Gibraltar avait déjà révoqué le pavillon de l’Aquarius en août dernier pour « non-respect des procédures juridiques internationales » comme il refusait de suspendre ses activités de sauvetage. Le bateau n’était en effet pas enregistré pour de telles sorties dans le territoire britannique. MSF et SOS médecins pointaient déjà Rome du doigt. Les occupants du navire ont prévenue qu’ils n’abandonneraient pas leur mission humanitaire, et ce même sans pavillon.

Si les augures sont sombres pour l’Aquarius, une bonne nouvelle est toutefois tombée dans la nuit de mardi à mercredi : une solution européenne de « répartition solidaire » a été trouvée pour l’accueil des désormais 58 migrants actuellement à son bord. En vertu de cet accord, la France accueillera 18 des migrants, l’Allemagne et l’Espagne 15 chacune et le Portugal 10. En août dernier, le Portugal a déjà passé un accord similaire avec les gouvernements espagnol, français, allemand, italien et luxembourgeois pour l’accueil de 141 migrants, déjà secourus par l’Aquarius.
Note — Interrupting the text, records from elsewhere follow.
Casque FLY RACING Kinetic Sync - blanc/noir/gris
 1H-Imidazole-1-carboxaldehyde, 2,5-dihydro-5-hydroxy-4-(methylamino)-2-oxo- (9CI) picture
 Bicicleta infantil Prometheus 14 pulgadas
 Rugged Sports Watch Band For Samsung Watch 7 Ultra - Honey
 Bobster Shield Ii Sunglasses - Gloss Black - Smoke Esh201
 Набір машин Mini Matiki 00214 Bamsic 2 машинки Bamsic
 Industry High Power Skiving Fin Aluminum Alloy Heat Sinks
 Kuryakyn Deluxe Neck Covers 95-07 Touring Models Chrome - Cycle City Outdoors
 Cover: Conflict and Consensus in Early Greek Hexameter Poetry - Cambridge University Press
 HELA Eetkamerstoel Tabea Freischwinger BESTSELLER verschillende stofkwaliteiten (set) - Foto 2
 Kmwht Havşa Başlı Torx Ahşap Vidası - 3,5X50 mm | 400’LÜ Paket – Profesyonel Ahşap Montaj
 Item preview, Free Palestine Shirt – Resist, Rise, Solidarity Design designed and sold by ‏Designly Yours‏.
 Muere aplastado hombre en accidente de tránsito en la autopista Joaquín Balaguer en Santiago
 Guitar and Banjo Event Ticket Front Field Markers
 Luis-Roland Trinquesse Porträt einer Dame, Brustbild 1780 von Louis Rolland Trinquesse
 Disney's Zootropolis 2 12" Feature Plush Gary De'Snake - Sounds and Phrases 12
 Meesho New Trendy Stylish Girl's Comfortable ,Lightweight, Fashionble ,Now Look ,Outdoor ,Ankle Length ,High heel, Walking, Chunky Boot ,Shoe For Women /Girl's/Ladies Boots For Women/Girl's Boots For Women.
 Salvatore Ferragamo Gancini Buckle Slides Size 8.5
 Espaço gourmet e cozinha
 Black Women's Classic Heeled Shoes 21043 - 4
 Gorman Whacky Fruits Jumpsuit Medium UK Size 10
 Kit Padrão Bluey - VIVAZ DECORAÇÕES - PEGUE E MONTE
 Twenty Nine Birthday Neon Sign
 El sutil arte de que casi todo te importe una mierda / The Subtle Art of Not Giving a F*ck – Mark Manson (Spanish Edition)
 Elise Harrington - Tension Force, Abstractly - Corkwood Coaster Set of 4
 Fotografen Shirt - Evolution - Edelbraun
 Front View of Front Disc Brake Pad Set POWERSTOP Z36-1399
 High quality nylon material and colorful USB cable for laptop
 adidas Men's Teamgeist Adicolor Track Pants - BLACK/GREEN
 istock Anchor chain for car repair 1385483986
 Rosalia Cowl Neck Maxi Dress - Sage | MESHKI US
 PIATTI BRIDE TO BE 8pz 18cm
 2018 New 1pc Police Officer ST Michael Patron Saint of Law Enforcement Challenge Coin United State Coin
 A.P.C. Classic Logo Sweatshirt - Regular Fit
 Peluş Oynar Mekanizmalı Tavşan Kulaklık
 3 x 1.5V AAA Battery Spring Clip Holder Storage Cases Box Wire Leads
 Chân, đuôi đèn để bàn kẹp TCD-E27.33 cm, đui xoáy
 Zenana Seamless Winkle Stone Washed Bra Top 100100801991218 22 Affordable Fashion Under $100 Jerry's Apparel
A l’approche des élections européennes – et avec la montée des partis populistes en trame de fond – la question des migrants est particulièrement volatile. Ils exigent une politique de fermeté à l’égard de ceux qu’ils qualifient de « passeurs » et leurs « complices » humanitaires. Cela explique la proportion prise par l’accueil de ce groupe de taille peu importante. Les gouvernements en place craignent qu’une main tendue ne renforce l’opposition xénophobe. Et pour cause : en juin dernier, 56 % des Français se prononçaient contre l’accueil de l’Aquarius.